XPO Logistics increases size of shares for IPO
March 15, 2012 - LM Editorial
Non asset-based 3PL XPO Logistics said today that it has increased the number of shares for its underwritten public offering from 6,000,000 earlier this week to 8,000,000 to the public at $15.75 per share.
Company officials said the underwriters have a 30-day option to purchase up to an additional 1,200,000 shares of common stock from XPO to cover over-allotments. And they added that XPO “intends to use the net proceeds of the offering for general corporate purchases, which may include potential acquisitions.” This offering, said XPO, is expected to close on March 20 and is subject to customary closing conditions.
In February, XPO released its fourth quarter earnings results. Total revenue for the fourth quarter was $44.1 million, with a gross margin of $7.2 million, which were up 6.1 percent and 11.6 percent, respectively.

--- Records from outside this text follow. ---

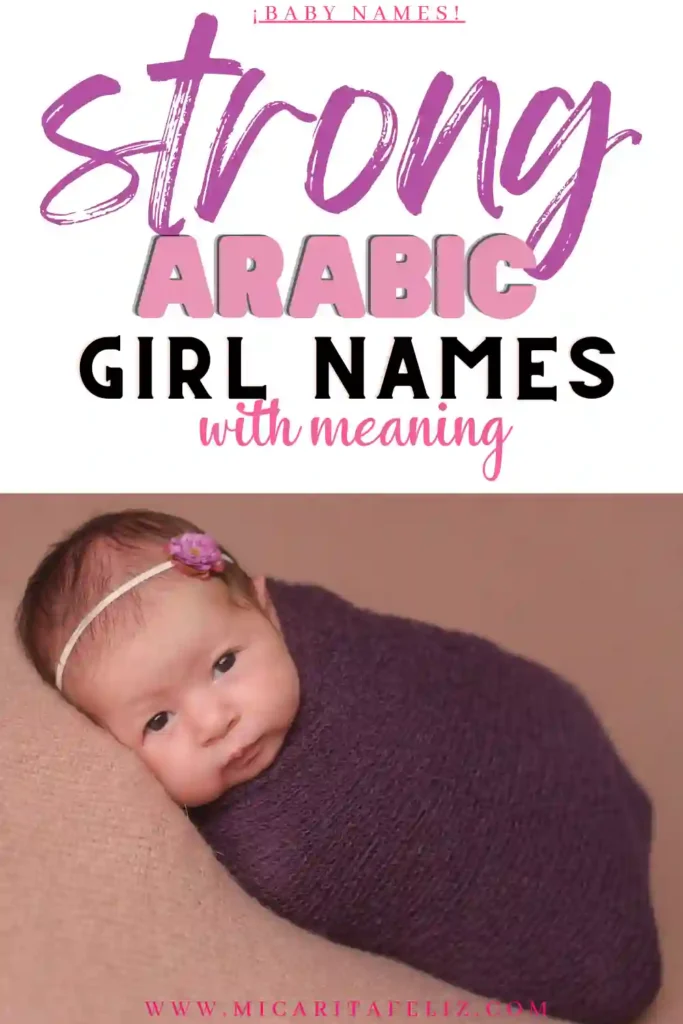 Strong Arabic girl names with meaning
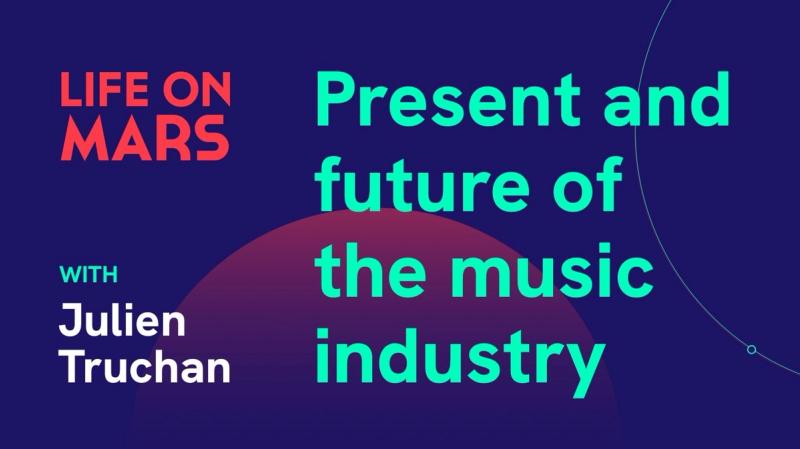 Present and future of the music industry, with Julien Truchan (Co-founder @ Benighted) - Life on Mars Podcast Episode 14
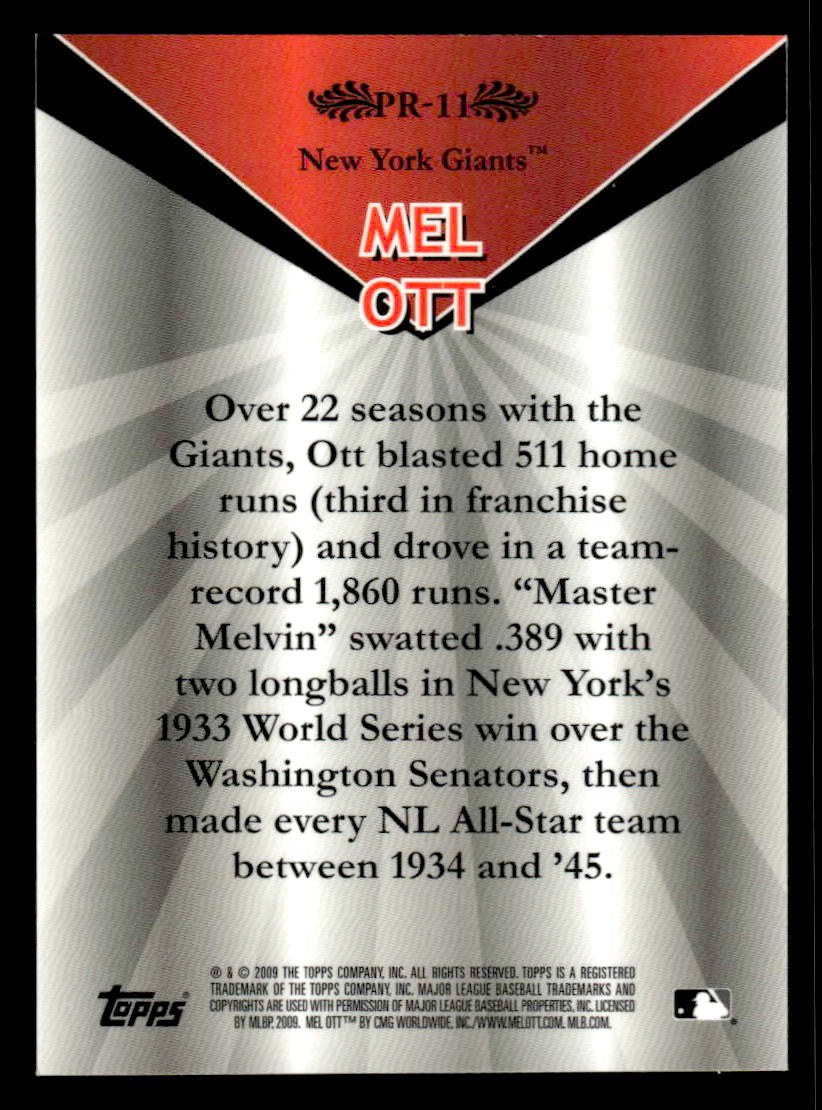 2009 Topps #PR-11 Mel Ott Legends Chrome Platinum Refractor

XPO had a quarterly net loss of $1.5 million and an EBITDA loss of $2.1 million, which included $1.2 million in compensation and professional fees related to the hiring of its new executive team and $882,000 of non-cash-share-based compensation.
For its individual units, total revenue at Express-1, its expedited transportation division, was up 10.1 percent at $20.3 million; Concert Group Logistics (CGL), its freight forwarding unit, was down 4.9 percent at $16.8 million, which XPO said was due to lost revenue from larger accounts that more than offset an increase in the number of new customers; and Bounce, its truck brokerage business, was up 27.2 percent at $8.3 million.
In June 2011, XPO CEO and Chairman Bradley S. Jacobs, whom is also an entrepreneur and founder and owner of Jacobs Private Equity LLC, and a and a group of investors made a $150 million commitment into Express-1 Expedited Solutions, a non-asset-based third party logistics transportation provider, and subsequently re-named the company XPO Logistics. Around that time, he told LM that he had outlined a detailed vision for XPO and where he wants to take it and the steps he wants to take to make it happen.
These steps include, first and foremost, building a multi-billion dollar transportation brokerage business in the coming years, growing organically and through acquisitions, building a comprehensive IT structure, and getting the right management team in place.
And after the fourth quarter earnings announcement Jacobs said in an interview that XPO is on a solid growth track, opening new offices in various U.S. markets, hiring a proven management and sales team, and getting phase one of its IT development done.
What’s more, he explained that XPO is on track to get to a revenue run rate of about $500 million by the end of this year, which is about 2.5 times of its current size.
With this IPO announcement possibly including some financing for potential acquisition, Jacobs told LM that while XPO is not quite yet ready to announce any transactions he did say the company is in active negotiations with a number of targets.
“Regarding the deals we are focusing on now, they are primarily truck brokerage and they are all highly scalable,” he said. “Scalability is a major characteristic that we are looking to acquire. The [acquisition] pipeline is quite robust, and we are quite excited about the opportunities.”